Bu marazi hallerimize en iyi teşhisi, bence pazar günü Zaman’daki makalesinde, “Şiddeti bir siyaset yolu olarak tercih etmek, aslında ‘siyaset dışı’ kalmayı, apolitik olmayı getirir” diyen Etyen Mahçupyan koymuştu. PKK’nın dağdaki liderleri son iki aydır şiddeti kararlı biçimde tırmandırıyor. Kürtlerin mağduriyetinin bitirilmesinden yana olan ve PKK şiddetinin bugün bu amaca hizmet ettiğini düşünmeyen bir kesimin şiddet tercihini yine de desteklemesi, öz ve sonuç itibariyle bir siyasi şizofreni, bir “apolitikleşme” yaratıyor.

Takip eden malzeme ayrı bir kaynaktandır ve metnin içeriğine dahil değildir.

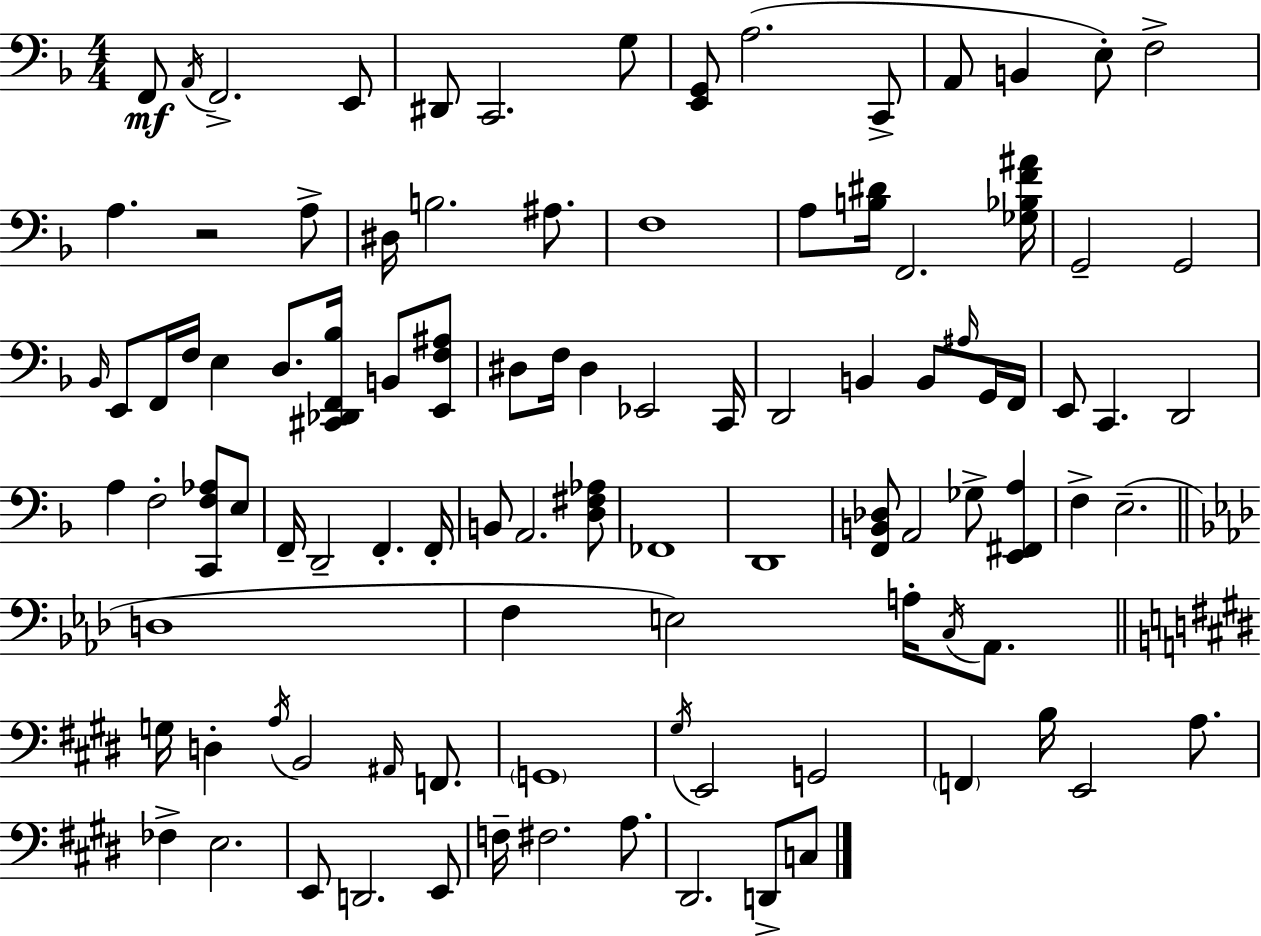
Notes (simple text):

F2/e A2/s F2/h. E2/e D#2/e C2/h. G3/e [E2,G2]/e A3/h. C2/e A2/e B2/q E3/e F3/h A3/q. R/h A3/e D#3/s B3/h. A#3/e. F3/w A3/e [B3,D#4]/s F2/h. [Gb3,Bb3,F4,A#4]/s G2/h G2/h Bb2/s E2/e F2/s F3/s E3/q D3/e. [C#2,Db2,F2,Bb3]/s B2/e [E2,F3,A#3]/e D#3/e F3/s D#3/q Eb2/h C2/s D2/h B2/q B2/e A#3/s G2/s F2/s E2/e C2/q. D2/h A3/q F3/h [C2,F3,Ab3]/e E3/e F2/s D2/h F2/q. F2/s B2/e A2/h. [D3,F#3,Ab3]/e FES2/w D2/w [F2,B2,Db3]/e A2/h Gb3/e [E2,F#2,A3]/q F3/q E3/h. D3/w F3/q E3/h A3/s C3/s Ab2/e. G3/s D3/q A3/s B2/h A#2/s F2/e. G2/w G#3/s E2/h G2/h F2/q B3/s E2/h A3/e. FES3/q E3/h. E2/e D2/h. E2/e F3/s F#3/h. A3/e. D#2/h. D2/e C3/e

Meselemiz belli. Kürtlerin “birinci sınıf” vatandaş olması için, eşitliğin anayasal çerçevesinin çizilmesi gerekiyor. Etnik vurgu içermeyen bir vatandaşlık tanımı da eşitliğin olmazsa olmaz parçası, anadilde eğitim hakkı da... Ayrıca, gerillanın dağdan inmesi ve dilerse siyaset yapması için hukukî zemini sağlamalıyız. Bu ikinci bağlamda, devletin Öcalan’la görüşmeyi sürdürmesi elzem. Dahası, BDP’nin sunduğu dayatmacı ve otoriter niteliğiyle gündemimize talihsiz bir giriş yapan “özerklik” önerisi, gerçekten “demokratik” bir anlayışla ele alınırsa, kalıcı bir çözümün en büyük güvencesi olabilir. Yani toplumun ve siyasetin konuyu enine boyuna konuşması lazım. Ama bütün bu süreci mümkün kılmak için, öncelikle gerek devletin gerek PKK’nın “şiddet” tercihine ve bunun doğurduğu apolitikleşmeye direnebilmeliyiz.
Örgütün dağdaki lideri Murat Karayılan dün, “Daha düne kadar Önder Apo’yla görüşüyordunuz. Ne oldu da birdenbire en ağır tecrit uygulamasını devreye koydunuz” diye sormuş. Karayılan, sorusunun cevabını tabii ki biliyor. Öcalan’ın, tarihî bir anlaşma yapılabileceğini, Barış Konseyi için uzlaşıldığını söylediği görüşme notlarının daha mürekkebi kurumadan Silvan’da saldıran PKK, müzakereleri sekteye uğrattığını ve Öcalan’ı zora soktuğunu gayet iyi biliyor. Hal böyleyken Karayılan, bu denli “şizofren” bir soruyu nasıl böyle fütursuzca soruyor? Apolitikleşmemize mi güveniyor?